- _Data below_:

######

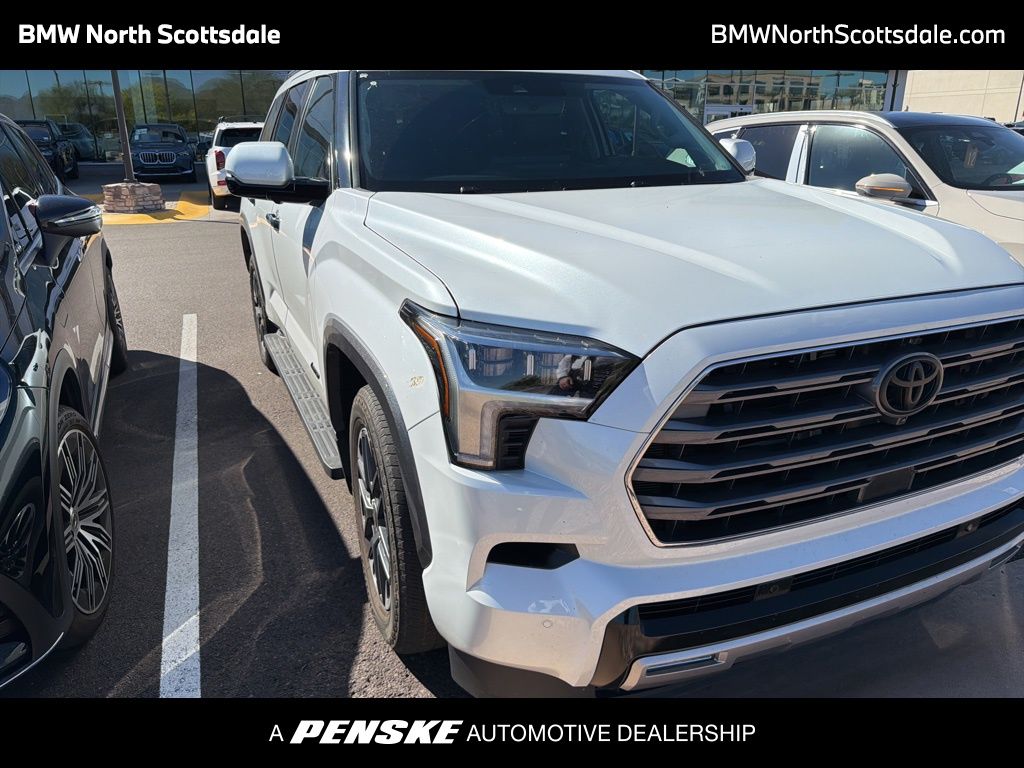 2023 Toyota Sequoia Capstone -
                  Phoenix, AZ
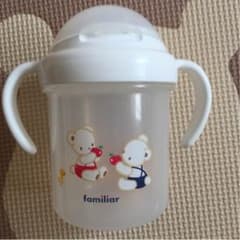 familiar ストローマグ お値下げ中❤️のサムネイル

######

- _Prompt_: What you return should match the material word for word, apart from the pictures.

- _Response to this exercise_:
 2023 Toyota Sequoia Capstone -
                  Phoenix, AZ
 familiar ストローマグ お値下げ中❤️のサムネイル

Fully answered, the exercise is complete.